You can assume the packages are money-makers for the ship, because they don’t sell money-losers. You probably will drink more than you thought you would — after all, no one has to drive anywhere — but you don’t want to be drinking more to get your money’s worth, rising early and partying late on port excursion days just to make your quota.
Norwegian recently added a wrinkle to the mainstream mix. On new bookings through Aug. 29 for 2015 cruises of three to 14 days, Norwegian is testing an all-inclusive package: Most alcoholic drinks, soft drinks, fees at a specialty restaurant each evening, some shore excursions, and Internet access (another hefty fee that may surprise new cruisers), plus 10 percent off the cruise rate. Cost of the package, which Norwegian says is worth as much as $2,400, will be based on the length of the cruise, such as seven nights for $899.
Different cruise lines, different inclusions
Keep in mind also that the cost of beverages will vary, depending on the level of cruise ship that you booked, from mainstream to premium to luxury.
Mainstream cruise lines — such as Carnival, Royal Caribbean and Norwegian — compete for bookings with basic budget prices; they count on big bar bills to pad onboard revenue, which is a key to profitability.
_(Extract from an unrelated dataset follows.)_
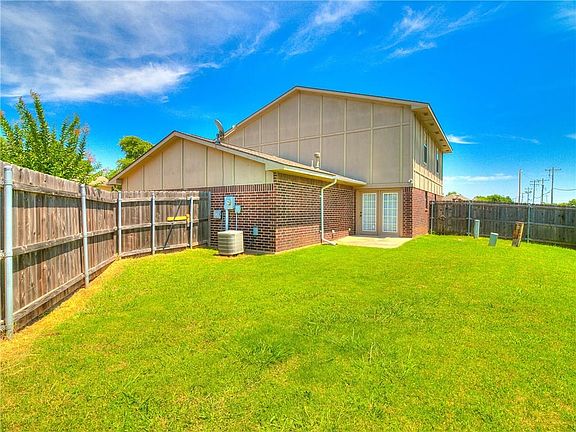 5th image of 3203 Lois Arlene Cir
The trend is clear, as each new cruise ship debuts with added opportunities for passengers to spend more money onboard. Premium lines — such as Holland America, Celebrity and Princess — also rely on bar bills for extra revenue.
Luxury ships, with rates as high as $1,000 a day, tend to build the cost of alcoholic beverages into the cruise rate, so their passengers may have no bar bill at all, unless they want to imbibe something special.
In the middle are the upper premium lines — such as Azamara, Windstar and Oceania — which have wrestled with whether to charge for alcohol or include it in the cruise rate.
Last year, Azamara, which had tested the idea of including beer and wine at meals, decided to go all in, with wines, beers and spirits throughout the day. Oceania, which offers one of cruising’s more inclusive products for meals at specialty restaurants, decided to continue to charge for alcohol, saying that passengers who do not drink do not want to pay for those who do.
Raise your hands for a free drink
At Windstar, on the inaugural of the newly renovated Star Pride, president Hans Birkholz took the question to a meeting of passengers, all of whom had sailed previously on Windstar ships.
Birkholz asked for a show of hands from passengers who would like to see wine and spirits offered without charge on Windstar ships. Quite a majority raised their hands. Then, he asked, “Would you want wine and spirits included if the ship increased the fare by $100?” Fewer hands were raised. “What about $200?” he asked. Fewer still.
Aye, that’s the rub.
Cruise lines often describe activities, entertainment or meals aboard ship as complimentary, which of course they are not. What they are is included in the cruise rate. Alcohol consumed aboard ship, without a charge, is not a gift from the cruise line. It is included in the fare. If the cruise line is going to include something new, the cruise rate will go up, as the line has no interest in its profits going down.
Windstar, for instance, is developing a new cruise rate scale so that the basic fare will include whatever the passenger wants. Birkholz calls it “luxury as you like it.” He could also call it “luxury as you are willing to pay for it.”
This blog also appeared in the Miami Herald.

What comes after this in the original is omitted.